The percentage of cell growth reduction (R, %) was calculated using the following equation:
R = (C0 − C)/C0 × 100%
where C0 is the number of CFU from the control sample and C is the number of CFU from treated samples.

2.4.3. Antibacterial Activity Assays in a Real Food System

The antimicrobial activity of the functionalized supports was determined in a real food system by using the apple juice purchased from the local market. According to the results of the antibacterial assay in vitro, functionalized HMSNs and thymol were used to inhibit the growth of E. coli, a common pathogen in apple juice. The concentration of thymol was selected based on the MBC results of HMSNs. EquORYvalent concentrations of the free and immobilized thymol (0.05, 0.1, and 0.2 mg/mL) were added to 10 mL of apple juice and inoculated with 103 CFU/mL of the microorganism. The samples were stored at 4 °C for 7 days to determine the shelf life of refrigerated juice. The total number of bacteria in apple juice was determined on 1, 3, 5, and 7 days. The total number of bacteria was determined by inoculating on TSA with different tenfold serial dilutions of culture medium. After incubation at 37 °C for 24 h, the colony-forming units (CFU) were counted and expressed as log10 CFU/mL. All the treatments were performed in triplicate.

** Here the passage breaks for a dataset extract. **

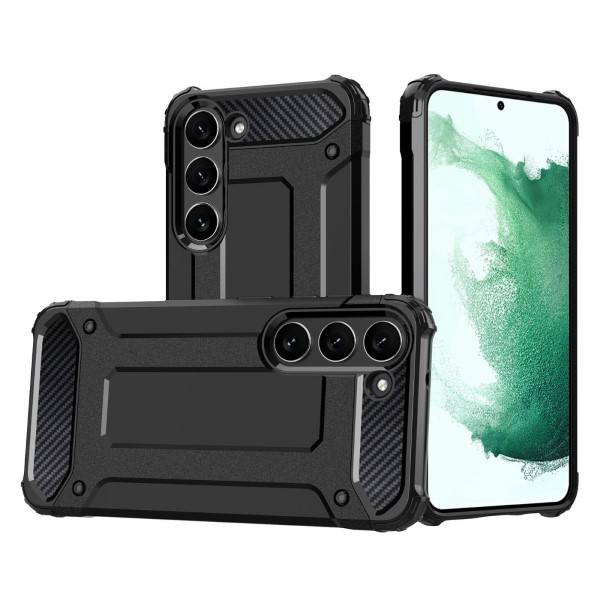 Kryt na Samsung Galaxy S23 odolný Hybrid strieborný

2.4.4. Determination of the Physicochemical Properties of the Apple Juice

The physicochemical properties of treated juice during refrigerated storage were determined including color, pH, and soluble solids. The refrigerated juice mixed with HMSNs was filtered to remove the silica particles. The color of the juice was determined by an automatic colorimeter (3nh-ys3060, Shenzhen, China). The pH of the juice was measured by a digital pH meter colorimeter (le438, Mettler, Switzerland). Total soluble solids were determined by a handheld refractometer (Pocket PAL-1) and the results expressed as Brix. The uninoculated juice without being processed was tested as a control.

2.5. Statistical Analysis

Data of different groups were collected and analyzed using one-way ANOVA by the SPSS software. The LSD (least significant difference) procedure was utilized to test for differences between averages at the 5% significance level.

3. Results and Discussion

3.1. Design and Synthesis of the Antimicrobial Supports

The preparation of antimicrobial supports and experimental procedures are shown in Figure 1. Thymol was anchored on the surface of silica particles to prepare the novel antimicrobial supports which can maintain more stable and long-term antimicrobial effects due to the stability of covalent immobilization compared to encapsulation. Three kinds of silica particles were selected as the supports: HMSNs, MCM-41, and AS particles. HMSNs have attracted great interest recently due to their hollow and mesoporous structure which can hold a higher amount of drug compared to traditional mesoporous silica [32]. Besides, MCM-41 is another mesoporous silica with hexagonal arrays of cylindrical mesopores and has been extensively studied in past years [33]. Finally, AS particles are non-crystalline structures of silicon dioxide widely used in the medical field due to their high biocompatibility [27].
Post-grafting is considered a common method used to immobilize EOs on the surface of silica particles, which means that the supports need to be prepared before modification [6]. In contrast, a simpler and easier method designated as one-step synthesis was adopted to synthesize different antimicrobial supports in this study. In this method, organic molecules were covalently anchored on the surface of supports through the co-condensation of TTEPIC and TEOS in the presence of the structure directing agent (CTAB). Compared with the post-grafting method, this method can not only simplify the synthesis procedure to reduce the generation of intermediate products and improve the purity of the product, but also make the organic molecules more homogeneously distributed due to the co-condensation process [34].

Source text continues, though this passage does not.